Not only was this Nichols’s breakthrough opportunity as a leading film actress, it was the first time out for director Margaret Whitton, as well.
“She’s a very successful actress, in movies like Major League and The Secret of My Success, and it was a privilege to participate in her directorial debut. She worked very, very closely with Jackson [Hurst, who plays Lyman, the night driver] and me, all the way to the wardrobe and physicality. Among many things, she didn’t want Fiona to be a cliché.”
The Big Bang Theory
That is, no before-and-after reveal, no shake-out of hair. Still, apart from double majoring in math and economics, how does the green girl from Star Trek transform into a librarian–superficially speaking?
“Bangs. We put some bangs on me–quirky, fluffy bangs, which were the last piece of the character that made her come together for me. We stayed away from quiet, from glasses, from muted tones. I had the dark hair. We didn’t have bookworm-type things, because it’s Lyman’s character who has the spectacular inhibitions,” the former Abercrombie & Fitch model says.
“Though you learn very quickly, Fiona and Lyman are a lot more alike than we originally suspect. They both seem to be running from themselves, but in different ways. She has this fight or flight thing and seems always to be running: new town, sets up, stays a while, then moves quickly somewhere else. Lyman has never been past the state line. There’s a big arc for Fiona because she goes from being the one who’s running away to the one who dares to stay.”
Run Silent, Run Creep
Usually, neurotic personalities are played by guys destined for the geek squad, so it’s refreshing to see convention twisted to find Lyman played by a leading-man type.
“Jackson [Hurst] is one of the most charismatic, sweet people I’ve ever met. He’s obviously gorgeous and very handsome. But he is quiet! I remember hearing from casting, ‘We have this guy we like. Will you come in and audition with him?’
“I shook his hand. I felt, Oh, this is Lyman. Though he has no trouble meeting women nowadays, he found the way to his part by overexposing his younger, more shy, awkward version of himself, maybe from junior high.

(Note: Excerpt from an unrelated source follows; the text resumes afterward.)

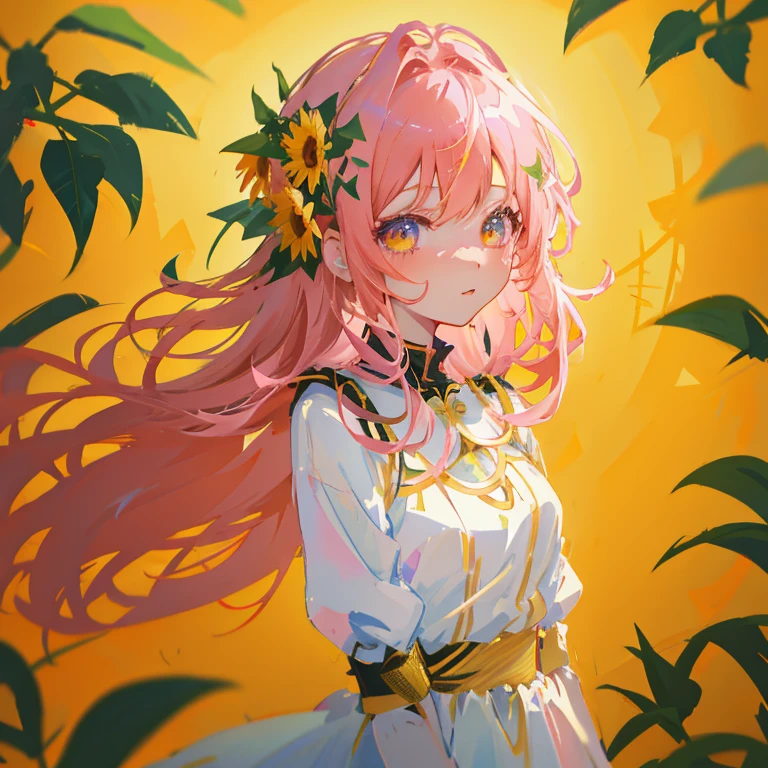 Anime girl with pink hair and yellow flowers in her hair, Beautiful sunflower anime girl, Anime visuals of cute girls, Beautiful Anime Portrait, Cute anime waifu in a nice dress, best anime 4k konachan wallpaper, Beautiful anime girl, Anime art wallpaper 8k, anime moe art style, High quality anime art style, guweiz on pixiv artstation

“Lyman is very quiet and clearly turned off by this awkward librarian. He doesn’t talk to anyone from work. He certainly doesn’t have any friends. He’d have never gotten involved with Fiona if it hadn’t been for the crazy quest that brings them together.
“Both are loners, but they’re loners in a different way. Even at the end, there’s a calming, quiet thing about him.”
While Tashtego Films, the movie’s producer, negotiates with the usual suspects for the most desirable release date, Nichols is gratified by the career-boosting connections she’s already made by being in The Loop.
“Margaret is a great friend now. It’s so fantastic that Joe Coomer is a Maine writer. He came to visit on set! He’s [got a summer place] around Deer Isle [in Stonington]. [Oscar-winner] Philippe Rousselot, The Loop’s cinematographer/director of photography who did Dangerous Liaisons, Big Fish, and the Sherlock Holmes movies, is a wonderful friend, too.”
In fact Rousselot departed to work on Sherlock Holmes: A Game of Shadows directly after finishing The Loop.
There’s a Romanian saying, “If you don’t have an old one around you, you’ll invent one.” As for what it was like working with Buck Henry in The Loop, Nichols says, “I never had any scenes with him. I’d most recently seen him playing Liz Lemon’s father from 30 Rock. Margaret has some extraordinary friends who came in and played with us.”
From Indie to Blockbuster
And now for something completely different: Nichols is also in post-production from shooting the mammoth action-adventure drama Conan the Barbarian.
“It was big budget, filmed in Bulgaria. Completely surreal. I never shot anything in Europe for three months in a row before this. I shot G.I. Joe in Louisiana for three months and then a month in Prague.”
No, Not Conan O’Brien
Far from being a librarian, Nichols plays a heroic swashbuckler named Tamara in Conan the Barbarian–your basic princess who rides horses a lot and is unperturbed by the gnashing of metal.
“We didn’t have a week of rehearsals. It’s less character driven and more story driven. If I’m the goodie, there’s Rose McGowan, who plays the bad girl, and Stephen Lang [Avatar], who plays Rose’s father.”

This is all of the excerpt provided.